◆ **ACTIVITY**: Once you find the line with "Monogram M Martin" in the entries below, return exactly every line from it through the line with "Kitenge Design Lounge".

◆ **AVAILABLE DATA**:
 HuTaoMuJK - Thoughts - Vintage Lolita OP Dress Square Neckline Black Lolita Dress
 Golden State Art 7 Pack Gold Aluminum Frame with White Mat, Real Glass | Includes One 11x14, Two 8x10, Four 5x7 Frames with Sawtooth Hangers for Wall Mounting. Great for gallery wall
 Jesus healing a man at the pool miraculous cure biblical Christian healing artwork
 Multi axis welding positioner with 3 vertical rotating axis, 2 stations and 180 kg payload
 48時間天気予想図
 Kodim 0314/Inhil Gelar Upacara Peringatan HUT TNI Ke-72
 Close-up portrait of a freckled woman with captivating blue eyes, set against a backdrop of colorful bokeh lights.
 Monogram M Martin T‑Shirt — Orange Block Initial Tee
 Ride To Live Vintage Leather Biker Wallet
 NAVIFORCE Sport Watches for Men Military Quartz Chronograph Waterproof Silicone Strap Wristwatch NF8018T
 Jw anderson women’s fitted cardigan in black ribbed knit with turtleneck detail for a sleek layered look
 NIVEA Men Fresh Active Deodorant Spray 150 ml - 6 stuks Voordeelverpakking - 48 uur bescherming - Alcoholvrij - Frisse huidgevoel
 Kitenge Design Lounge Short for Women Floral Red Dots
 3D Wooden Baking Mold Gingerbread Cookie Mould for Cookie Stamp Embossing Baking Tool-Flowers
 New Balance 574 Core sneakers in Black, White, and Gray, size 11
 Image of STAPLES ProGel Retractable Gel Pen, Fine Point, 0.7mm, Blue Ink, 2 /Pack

◆ **OUTPUT OF THE TASK**:
 Monogram M Martin T‑Shirt — Orange Block Initial Tee
 Ride To Live Vintage Leather Biker Wallet
 NAVIFORCE Sport Watches for Men Military Quartz Chronograph Waterproof Silicone Strap Wristwatch NF8018T
 Jw anderson women’s fitted cardigan in black ribbed knit with turtleneck detail for a sleek layered look
 NIVEA Men Fresh Active Deodorant Spray 150 ml - 6 stuks Voordeelverpakking - 48 uur bescherming - Alcoholvrij - Frisse huidgevoel
 Kitenge Design Lounge Short for Women Floral Red Dots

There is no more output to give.